_ABOUT THIS EXERCISE_. Please repeat, from the entries that follow, the lines from the one containing "USA Stolz Nation" through the one containing "Fashion Titanium Steel" exactly, adding nothing.

_DATASET EXCERPTS_.
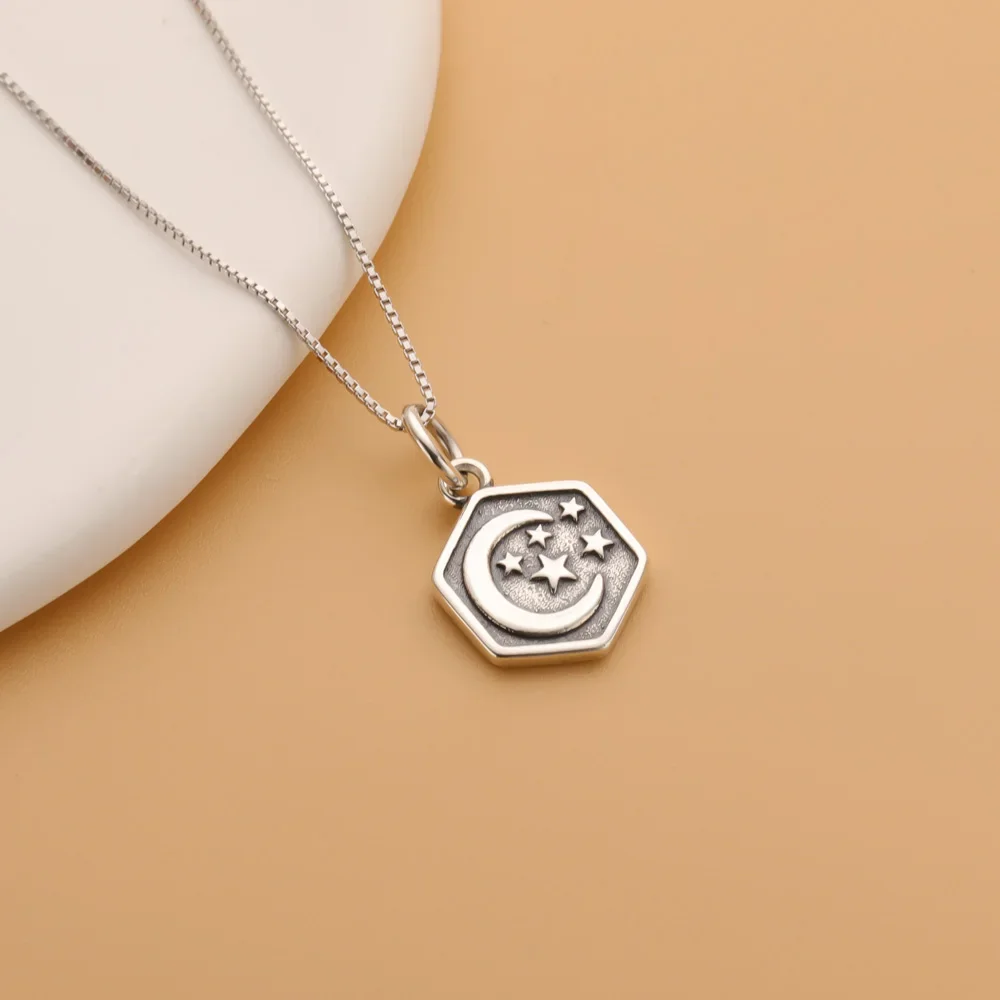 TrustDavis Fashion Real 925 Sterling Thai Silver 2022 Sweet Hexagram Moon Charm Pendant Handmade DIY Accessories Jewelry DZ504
---
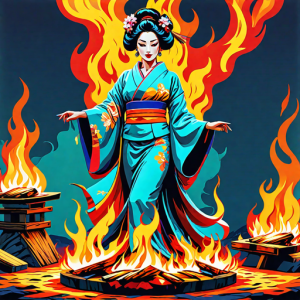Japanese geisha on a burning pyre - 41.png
==
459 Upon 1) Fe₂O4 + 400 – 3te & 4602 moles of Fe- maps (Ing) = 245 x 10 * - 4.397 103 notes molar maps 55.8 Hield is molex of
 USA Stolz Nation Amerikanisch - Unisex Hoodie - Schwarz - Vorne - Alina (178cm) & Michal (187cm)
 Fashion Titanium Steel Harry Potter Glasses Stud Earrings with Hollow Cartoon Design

_SOLVED EXERCISE_.
 USA Stolz Nation Amerikanisch - Unisex Hoodie - Schwarz - Vorne - Alina (178cm) & Michal (187cm)
 Fashion Titanium Steel Harry Potter Glasses Stud Earrings with Hollow Cartoon Design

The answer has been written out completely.